Abstract
Anthracyclines resistance is commonly seen in patients with estrogen receptor α (ERα) positive breast cancer. Epithelial-mesenchymal transition (EMT), which is characterized with the loss of epithelial cell polarity, cell adhesion and acquisition of new invasive property, is considered as one of the mechanisms of chemotherapy-induced drug resistance. In order to identify factors that associated with doxorubicin resistance, we performed in vitro and in vivo experiments using human and mouse breast cancer cell lines with different ERα status. Cell survival experiments revealed that ERα-positive cells (MCF-7 and MCF-7/ADR cell lines), were less sensitive to doxorubicin than ERα-negative (MDA-MB-231, MDA-MB-468) cells, and mouse mammary carcinoma cells (4T-1). The expression of E-cadherin reduced in low-invasive ERα-positive MCF-7 cells after treatment with doxorubicin, indicating epithelial mesenchymal transition. In contrast, the expression of E-cadherin was upregulated in high-invasive ERα-negative cells, showing mesenchymal-epithelial transition (MET).
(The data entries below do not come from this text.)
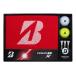  Bridgestone Golf (BRIDGESTONE GOLF) Golf соревнования подарок TOUR B X мяч подарок 2 G26B2R [ внутренний стандартный товар ]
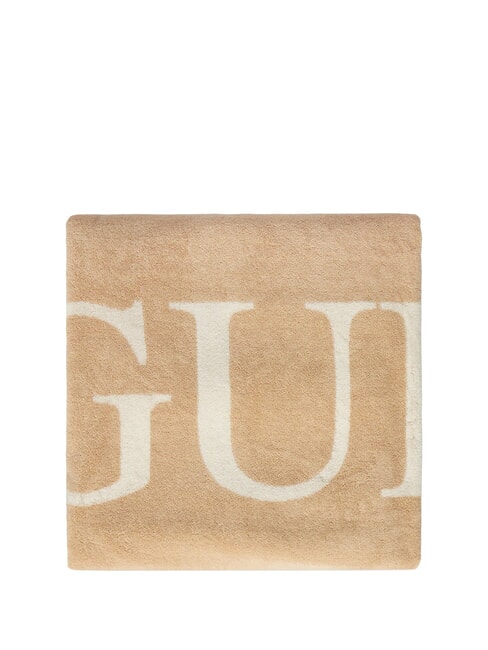FRAME serviette de plage en coton grain de sable - Accessoires Voyage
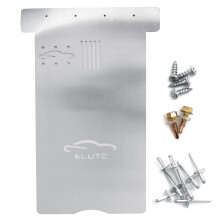Catalytic Converter Cat Shield Security Protection Protective Cover For Toyota Prius 2016-2021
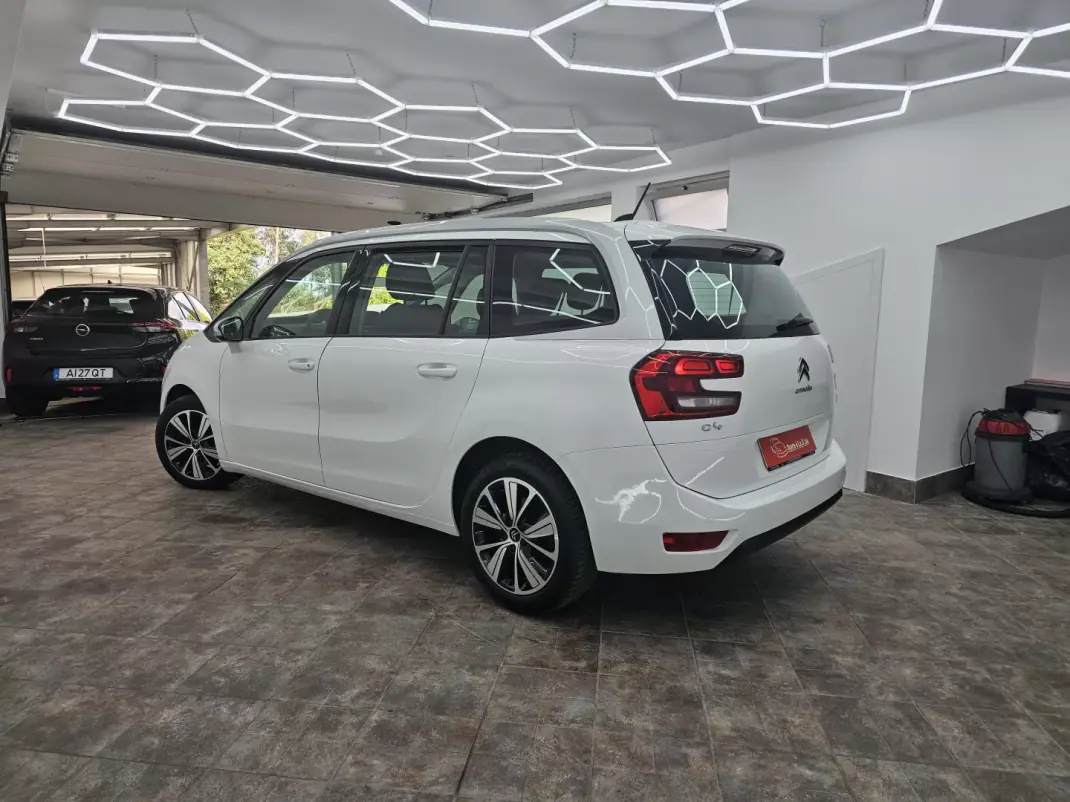 Citroën C4 Grand Picasso 2018 - 13650 EUR, 245556 km - 245556km - foto 4 de 43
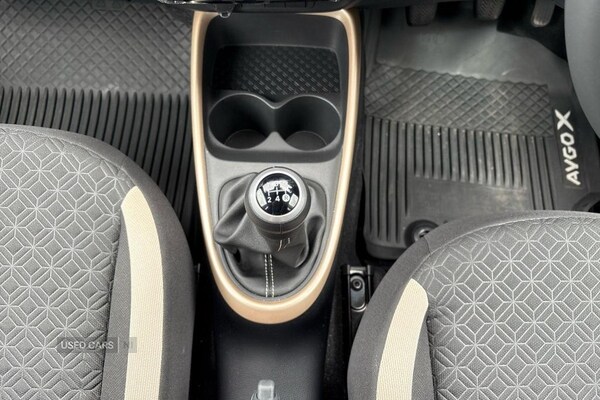 Used Toyota Aygo X 2024 for sale - 75533050: Photo 14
Moreover, it was found that the growth inhibition of 4T-1 cells by doxorubicin was positively correlated with the expression of E-cadherin. In a mouse breast cancer xenograft model, E-cadherin was overexpressed in the primary tumor tissues of the doxorubicin-treated mice. In ERα-positive MCF-7 cells, doxorubicin treatment upregulated the expression of EMT-related transcription factors Snail and Twist, that regulate the expression of E-cadherin. Following overexpression of ERα in ERα-negative cells (MDA-MB-231 and MDA-MB-468), doxorubicin enhanced the upregulation of Snail and Twist, decreased expression of E-cadherin, and decreased the sensitivity of cells to doxorubicin. In contrast, inhibition of ERα activity increased the sensitivity to doxorubicin in ERα-positive MCF-7 cells. These data suggest that the regulation of Snail and/or Twist varies depends on different ERα status. Therefore, doxorubicin combined with anti-estrogen receptor α therapy could improve the treatment efficacy of doxorubicin in ERα-positive breast cancer.
Highlights
Breast cancer is the most commonly diagnosed cancer among women and the second leading cause of cancer-related death (Bray et al, 2018)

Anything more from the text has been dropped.